The expected response is the full listing, retyped exactly, without its images.
[[ Dataset extract, beginning ]]
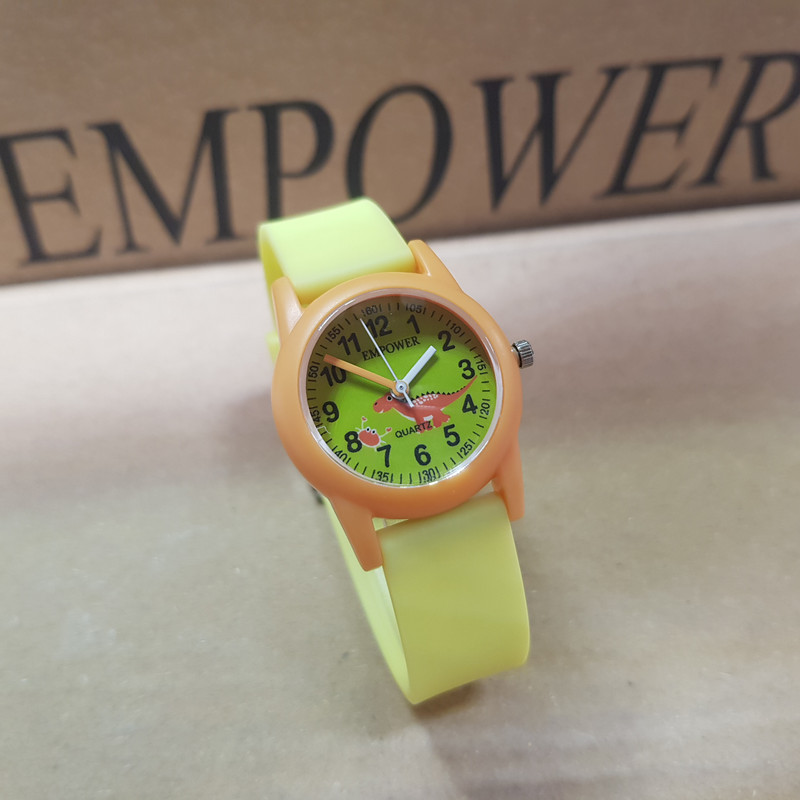 ساعت مچی عقربه ای بچگانه امپاور مدل ضدآب کد 88ki38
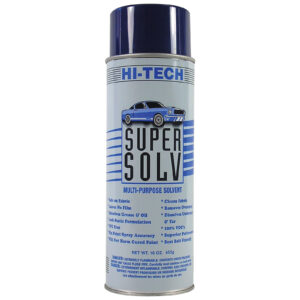 Super Solv Multi Purpose Solvent - Qty. 1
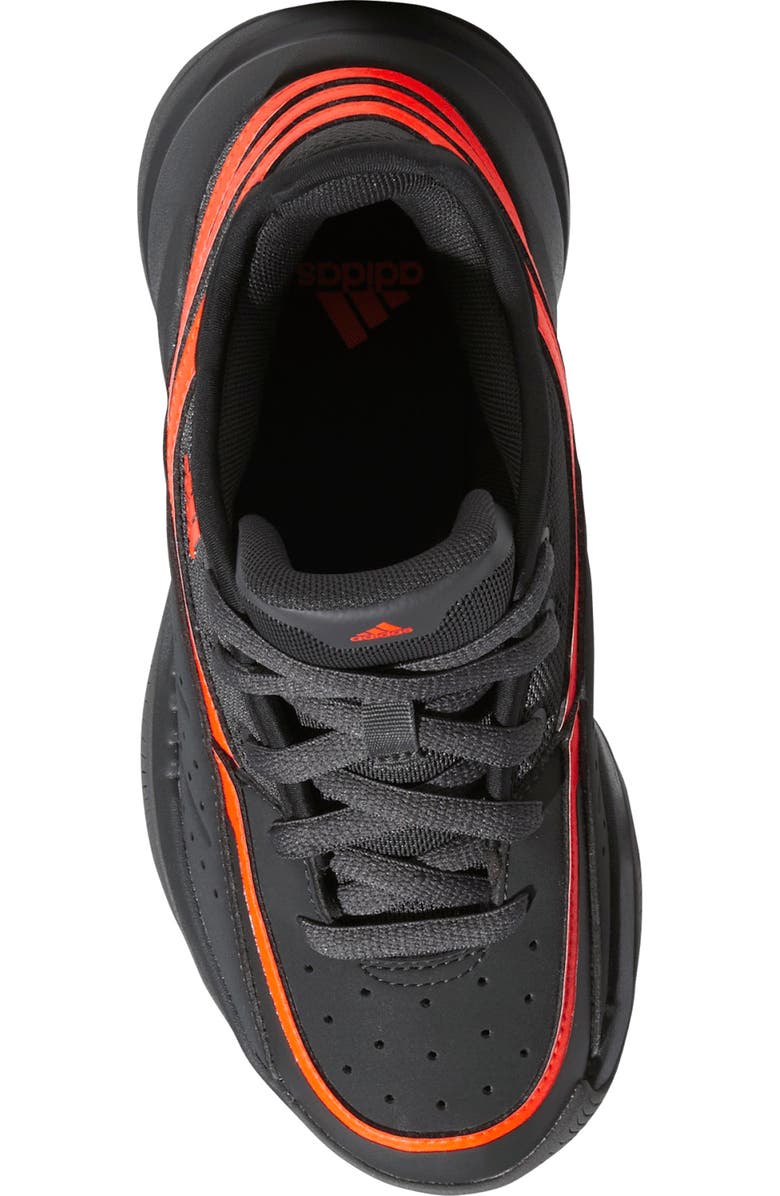 adidas Kids' Front Court Basketball Shoe, Alternate, color,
[[ Dataset extract, end ]]
• The answer:
 ساعت مچی عقربه ای بچگانه امپاور مدل ضدآب کد 88ki38
 Super Solv Multi Purpose Solvent - Qty. 1
 adidas Kids' Front Court Basketball Shoe, Alternate, color,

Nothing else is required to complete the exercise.